Cloudflare Outage Disrupts LinkedIn - A Reminder of How Fragile “Always-On” Really Is

On 5 December, a Cloudflare outage briefly disrupted several major services, including LinkedIn, alongside other large platforms. Cloudflare reported issues affecting dashboards and APIs, followed by gradual recovery – but not before users across the web felt the ripple effect.

What happened

This wasn’t an isolated incident. It was the second global outage in two months, following a similar disruption in mid-November. Some platforms remained unaffected, but the broader message stayed the same: when core infrastructure breaks, the impact spreads fast and unpredictably.

Why this matters

Cloudflare is often cited as supporting around 20% of the global web, which means outages at this layer can instantly affect a huge share of online services.
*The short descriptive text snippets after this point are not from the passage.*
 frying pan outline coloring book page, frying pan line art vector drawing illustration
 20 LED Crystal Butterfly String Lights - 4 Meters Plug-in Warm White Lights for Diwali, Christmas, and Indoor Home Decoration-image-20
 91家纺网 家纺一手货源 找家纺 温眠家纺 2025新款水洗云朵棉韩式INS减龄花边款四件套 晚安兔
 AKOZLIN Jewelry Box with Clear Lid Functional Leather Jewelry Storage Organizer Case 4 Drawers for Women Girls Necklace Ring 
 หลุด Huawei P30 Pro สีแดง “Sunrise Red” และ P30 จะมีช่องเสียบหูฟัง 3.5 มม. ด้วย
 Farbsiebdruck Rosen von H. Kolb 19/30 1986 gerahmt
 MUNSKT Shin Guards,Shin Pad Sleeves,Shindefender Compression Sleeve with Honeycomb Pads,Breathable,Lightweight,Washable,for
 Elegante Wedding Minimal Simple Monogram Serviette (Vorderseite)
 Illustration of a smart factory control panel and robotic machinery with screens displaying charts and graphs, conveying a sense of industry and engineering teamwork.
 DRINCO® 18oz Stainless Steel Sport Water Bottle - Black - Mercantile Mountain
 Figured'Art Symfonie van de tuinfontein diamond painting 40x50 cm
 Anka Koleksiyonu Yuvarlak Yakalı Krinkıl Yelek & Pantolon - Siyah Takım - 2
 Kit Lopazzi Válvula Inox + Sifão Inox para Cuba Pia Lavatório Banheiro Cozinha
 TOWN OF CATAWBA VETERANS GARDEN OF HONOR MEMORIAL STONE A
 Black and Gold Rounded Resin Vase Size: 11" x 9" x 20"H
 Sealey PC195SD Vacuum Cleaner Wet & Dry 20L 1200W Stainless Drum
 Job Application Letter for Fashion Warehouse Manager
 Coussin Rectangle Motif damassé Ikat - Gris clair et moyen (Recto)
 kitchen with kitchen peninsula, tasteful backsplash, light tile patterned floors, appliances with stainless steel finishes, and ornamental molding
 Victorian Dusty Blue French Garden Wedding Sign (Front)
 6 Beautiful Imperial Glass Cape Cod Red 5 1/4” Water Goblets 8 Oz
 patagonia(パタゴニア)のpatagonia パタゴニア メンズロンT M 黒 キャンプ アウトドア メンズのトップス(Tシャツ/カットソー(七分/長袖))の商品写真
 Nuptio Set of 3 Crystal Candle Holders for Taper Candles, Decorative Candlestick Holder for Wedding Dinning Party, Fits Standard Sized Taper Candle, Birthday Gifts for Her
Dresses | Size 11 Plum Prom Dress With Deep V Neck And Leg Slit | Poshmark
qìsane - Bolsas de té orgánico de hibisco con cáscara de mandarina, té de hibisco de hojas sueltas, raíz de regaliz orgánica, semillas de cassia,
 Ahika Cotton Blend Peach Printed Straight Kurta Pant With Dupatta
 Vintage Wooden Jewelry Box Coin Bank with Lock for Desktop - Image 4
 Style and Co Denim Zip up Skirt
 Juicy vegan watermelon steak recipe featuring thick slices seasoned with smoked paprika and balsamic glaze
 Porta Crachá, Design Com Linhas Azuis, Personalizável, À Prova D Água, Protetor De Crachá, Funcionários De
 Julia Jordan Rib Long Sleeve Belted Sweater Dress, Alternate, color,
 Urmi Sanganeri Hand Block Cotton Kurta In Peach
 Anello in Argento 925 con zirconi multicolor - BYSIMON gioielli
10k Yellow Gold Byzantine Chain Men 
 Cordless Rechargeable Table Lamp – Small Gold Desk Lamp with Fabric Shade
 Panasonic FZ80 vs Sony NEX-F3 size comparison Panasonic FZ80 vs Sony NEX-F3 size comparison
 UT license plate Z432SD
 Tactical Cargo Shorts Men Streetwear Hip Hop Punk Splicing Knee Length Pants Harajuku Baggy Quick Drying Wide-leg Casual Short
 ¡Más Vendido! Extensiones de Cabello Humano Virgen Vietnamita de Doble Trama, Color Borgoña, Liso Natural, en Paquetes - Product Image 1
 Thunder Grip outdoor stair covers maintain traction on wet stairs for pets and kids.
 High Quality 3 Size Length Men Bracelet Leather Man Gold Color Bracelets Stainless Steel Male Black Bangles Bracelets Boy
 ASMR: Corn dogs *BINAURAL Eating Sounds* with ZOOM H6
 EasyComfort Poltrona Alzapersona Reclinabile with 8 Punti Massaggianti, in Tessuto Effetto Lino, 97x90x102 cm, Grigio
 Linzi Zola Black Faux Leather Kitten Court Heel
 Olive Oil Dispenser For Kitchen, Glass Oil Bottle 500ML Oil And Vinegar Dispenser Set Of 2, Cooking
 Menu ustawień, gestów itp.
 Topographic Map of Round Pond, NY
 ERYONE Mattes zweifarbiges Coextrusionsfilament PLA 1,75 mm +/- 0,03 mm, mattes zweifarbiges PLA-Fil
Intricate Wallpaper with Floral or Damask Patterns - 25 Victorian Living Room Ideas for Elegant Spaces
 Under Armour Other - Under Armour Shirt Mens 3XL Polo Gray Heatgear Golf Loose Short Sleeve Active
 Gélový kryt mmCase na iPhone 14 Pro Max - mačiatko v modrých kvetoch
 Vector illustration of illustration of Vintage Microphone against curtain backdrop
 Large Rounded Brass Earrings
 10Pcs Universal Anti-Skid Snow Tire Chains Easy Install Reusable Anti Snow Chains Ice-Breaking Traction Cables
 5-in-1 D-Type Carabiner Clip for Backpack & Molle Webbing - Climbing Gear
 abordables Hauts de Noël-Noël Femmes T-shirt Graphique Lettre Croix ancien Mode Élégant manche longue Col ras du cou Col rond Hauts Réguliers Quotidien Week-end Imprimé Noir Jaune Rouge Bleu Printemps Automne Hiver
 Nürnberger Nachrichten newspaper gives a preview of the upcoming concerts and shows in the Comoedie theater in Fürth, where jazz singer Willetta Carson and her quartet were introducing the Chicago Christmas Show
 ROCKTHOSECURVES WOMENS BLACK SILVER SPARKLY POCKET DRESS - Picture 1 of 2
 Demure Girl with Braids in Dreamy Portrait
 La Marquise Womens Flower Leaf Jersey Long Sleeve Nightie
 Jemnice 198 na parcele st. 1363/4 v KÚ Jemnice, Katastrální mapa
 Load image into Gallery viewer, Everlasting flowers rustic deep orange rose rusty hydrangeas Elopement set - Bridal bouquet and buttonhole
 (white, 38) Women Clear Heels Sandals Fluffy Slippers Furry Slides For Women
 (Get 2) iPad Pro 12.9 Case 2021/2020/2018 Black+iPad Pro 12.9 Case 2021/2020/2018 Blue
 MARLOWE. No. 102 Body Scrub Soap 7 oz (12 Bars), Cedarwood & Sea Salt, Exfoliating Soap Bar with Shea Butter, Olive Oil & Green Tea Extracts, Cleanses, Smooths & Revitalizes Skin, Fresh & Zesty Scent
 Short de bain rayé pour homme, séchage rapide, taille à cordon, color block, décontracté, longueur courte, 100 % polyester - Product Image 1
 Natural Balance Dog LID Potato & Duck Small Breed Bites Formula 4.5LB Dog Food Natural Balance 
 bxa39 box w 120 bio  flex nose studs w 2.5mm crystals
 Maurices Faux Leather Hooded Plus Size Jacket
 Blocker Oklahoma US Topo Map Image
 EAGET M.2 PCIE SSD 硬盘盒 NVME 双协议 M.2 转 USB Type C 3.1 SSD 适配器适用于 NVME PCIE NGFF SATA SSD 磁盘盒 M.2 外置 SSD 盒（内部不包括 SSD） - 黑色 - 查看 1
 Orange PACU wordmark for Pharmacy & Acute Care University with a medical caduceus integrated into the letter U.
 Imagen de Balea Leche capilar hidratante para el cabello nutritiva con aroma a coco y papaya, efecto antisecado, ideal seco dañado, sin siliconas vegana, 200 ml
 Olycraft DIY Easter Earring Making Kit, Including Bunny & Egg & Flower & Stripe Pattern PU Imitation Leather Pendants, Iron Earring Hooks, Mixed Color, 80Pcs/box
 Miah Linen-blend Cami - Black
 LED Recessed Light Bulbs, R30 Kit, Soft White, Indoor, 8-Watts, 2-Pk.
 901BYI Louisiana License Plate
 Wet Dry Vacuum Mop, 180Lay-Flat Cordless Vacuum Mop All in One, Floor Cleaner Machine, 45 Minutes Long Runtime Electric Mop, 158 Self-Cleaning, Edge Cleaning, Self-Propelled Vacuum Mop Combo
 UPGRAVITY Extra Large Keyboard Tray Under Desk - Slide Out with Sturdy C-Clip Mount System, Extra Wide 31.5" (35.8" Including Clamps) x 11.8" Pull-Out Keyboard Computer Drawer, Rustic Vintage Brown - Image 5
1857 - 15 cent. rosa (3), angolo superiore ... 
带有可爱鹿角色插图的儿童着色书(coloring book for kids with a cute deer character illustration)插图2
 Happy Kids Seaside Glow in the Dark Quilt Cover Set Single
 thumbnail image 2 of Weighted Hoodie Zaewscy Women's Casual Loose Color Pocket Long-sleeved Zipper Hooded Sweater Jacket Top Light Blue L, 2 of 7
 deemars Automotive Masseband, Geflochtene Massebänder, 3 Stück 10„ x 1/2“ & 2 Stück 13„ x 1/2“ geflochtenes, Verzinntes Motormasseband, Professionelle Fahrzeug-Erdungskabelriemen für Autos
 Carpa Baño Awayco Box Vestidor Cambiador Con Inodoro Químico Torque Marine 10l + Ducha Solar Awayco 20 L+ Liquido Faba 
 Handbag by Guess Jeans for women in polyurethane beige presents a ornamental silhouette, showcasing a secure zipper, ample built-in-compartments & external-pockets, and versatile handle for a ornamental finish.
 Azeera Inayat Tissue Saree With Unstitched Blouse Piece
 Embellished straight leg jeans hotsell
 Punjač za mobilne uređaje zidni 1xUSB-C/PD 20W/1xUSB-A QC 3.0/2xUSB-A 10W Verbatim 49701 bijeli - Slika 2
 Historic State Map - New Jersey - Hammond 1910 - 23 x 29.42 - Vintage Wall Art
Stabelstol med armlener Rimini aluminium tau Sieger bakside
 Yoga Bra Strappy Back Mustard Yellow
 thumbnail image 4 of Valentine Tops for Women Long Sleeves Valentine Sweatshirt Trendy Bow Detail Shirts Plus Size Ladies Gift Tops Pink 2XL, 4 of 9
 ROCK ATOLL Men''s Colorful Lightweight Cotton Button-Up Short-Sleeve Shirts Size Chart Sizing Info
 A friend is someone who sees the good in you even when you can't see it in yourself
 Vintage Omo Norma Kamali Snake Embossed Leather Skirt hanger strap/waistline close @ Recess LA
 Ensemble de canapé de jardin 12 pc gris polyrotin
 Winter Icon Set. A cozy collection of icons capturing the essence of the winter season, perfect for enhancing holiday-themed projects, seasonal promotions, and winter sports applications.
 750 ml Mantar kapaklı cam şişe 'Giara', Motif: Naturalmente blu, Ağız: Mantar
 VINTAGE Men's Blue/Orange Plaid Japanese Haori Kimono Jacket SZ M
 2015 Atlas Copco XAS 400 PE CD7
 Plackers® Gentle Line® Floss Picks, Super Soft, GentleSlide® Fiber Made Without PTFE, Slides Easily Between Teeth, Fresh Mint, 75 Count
For businesses and creators, it’s a reminder that a “platform problem” isn’t always a platform problem – sometimes it’s a deeper dependency failing underneath.

Practical takeaway

If your communication or demand strategy depends heavily on LinkedIn, events like this are a nudge toward resilience. Build a presence there, but don’t treat it as your only engine. The strongest brands keep LinkedIn as a core channel while reinforcing it with owned touchpoints, clear follow-up paths, and systems that still work when the feed goes dark.